» Captioned web images

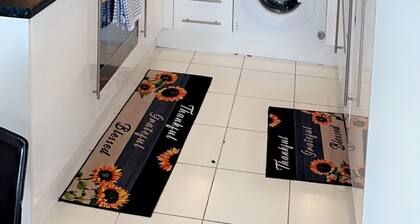 Comfycozy Luxury Apartment Canning Town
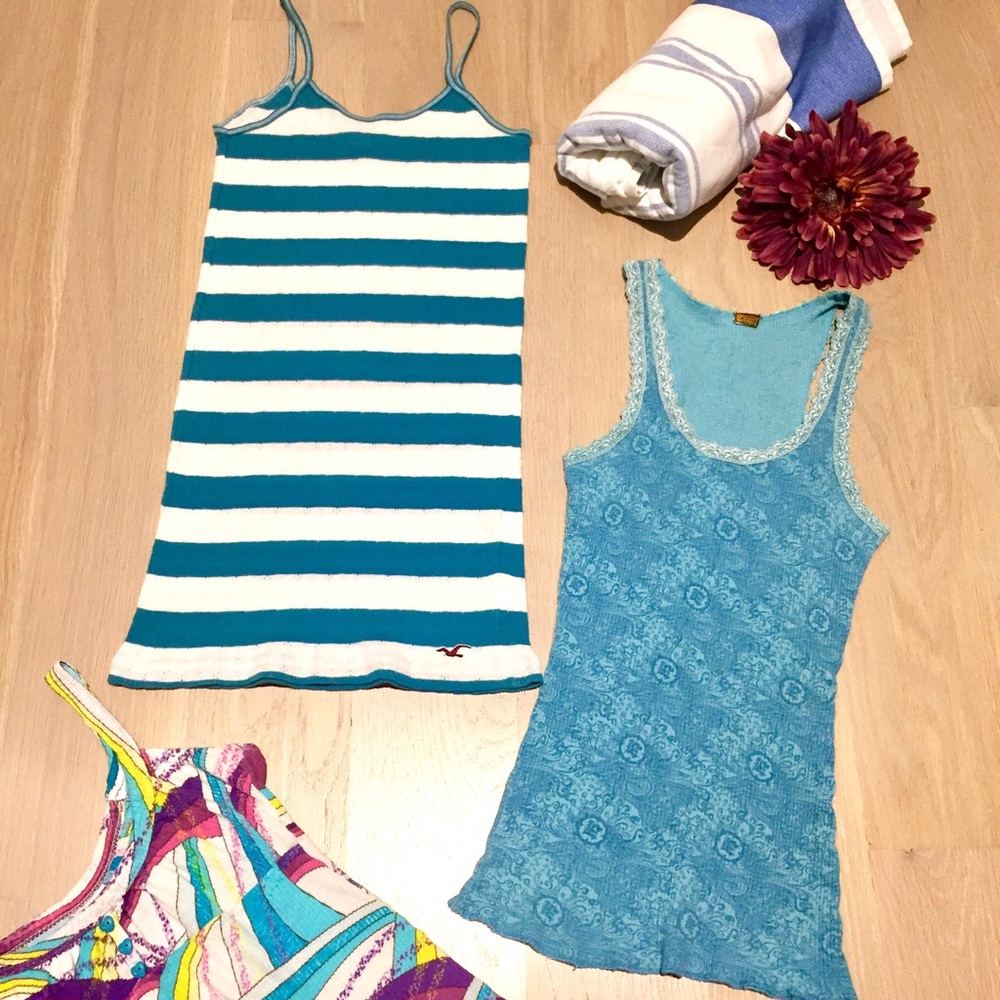 Bundle of 3 never worn tank tops! S-M - Picture 4 of 6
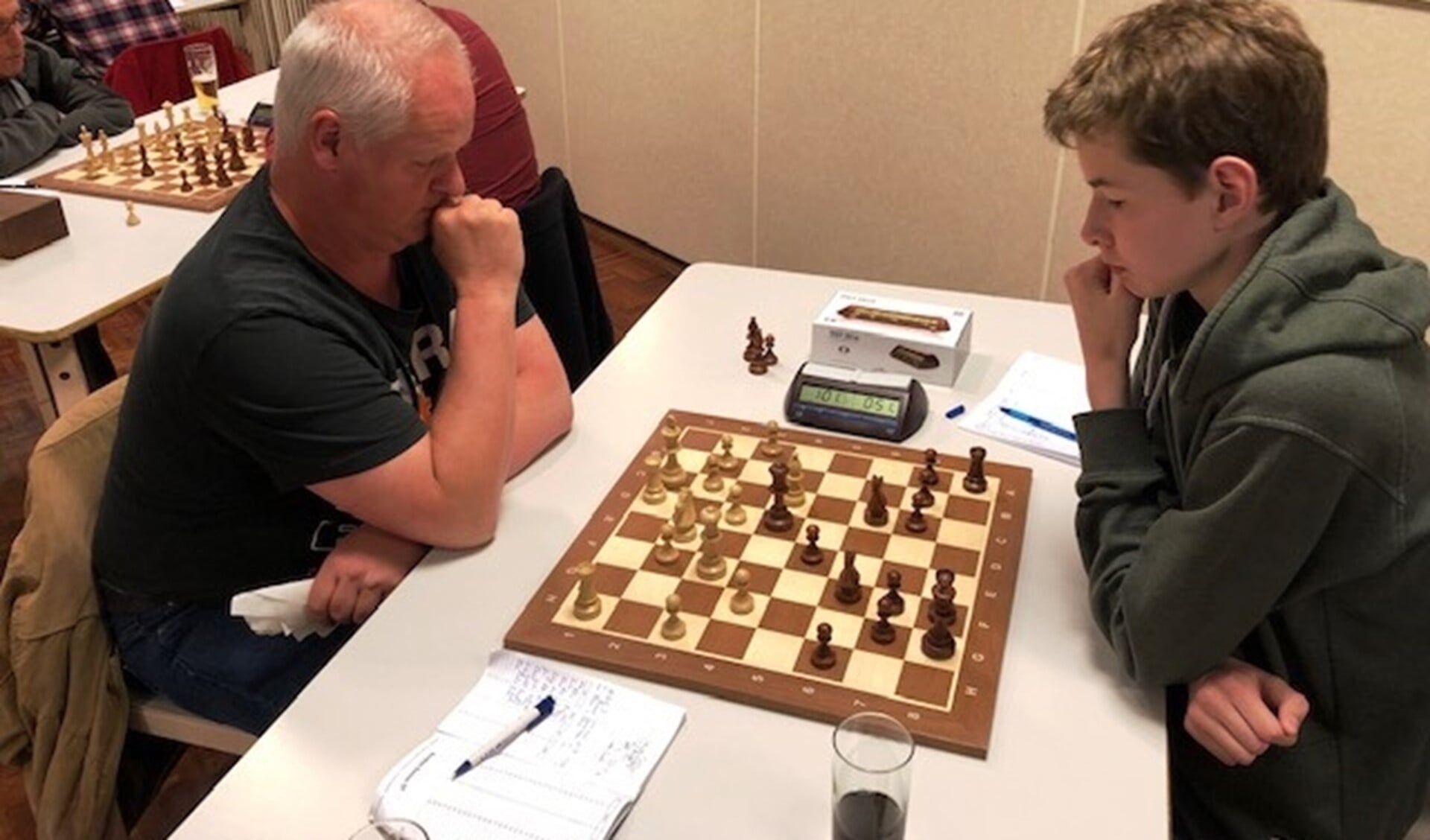 Opperste concentratie tijdens de eerste ronde van het Schaakkampioenschap Goeree-Overflakkee.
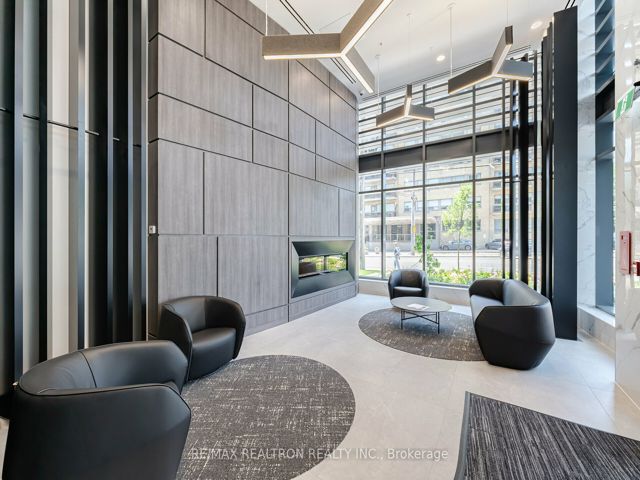 510 - 2525 Bathurst St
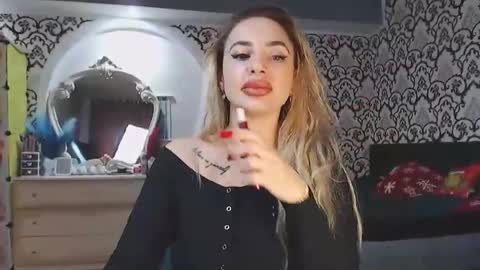 Snapshot of lorasinclare chatting on 12.17.25 Queen LoraSinClare online show from 12.17.25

» PROBLEM DESCRIPTION
Could you restate all of the data above word for word and skip every picture?

» ANSWER BELOW
 Comfycozy Luxury Apartment Canning Town
 Bundle of 3 never worn tank tops! S-M - Picture 4 of 6
 Opperste concentratie tijdens de eerste ronde van het Schaakkampioenschap Goeree-Overflakkee.
 510 - 2525 Bathurst St
 Snapshot of lorasinclare chatting on 12.17.25 Queen LoraSinClare online show from 12.17.25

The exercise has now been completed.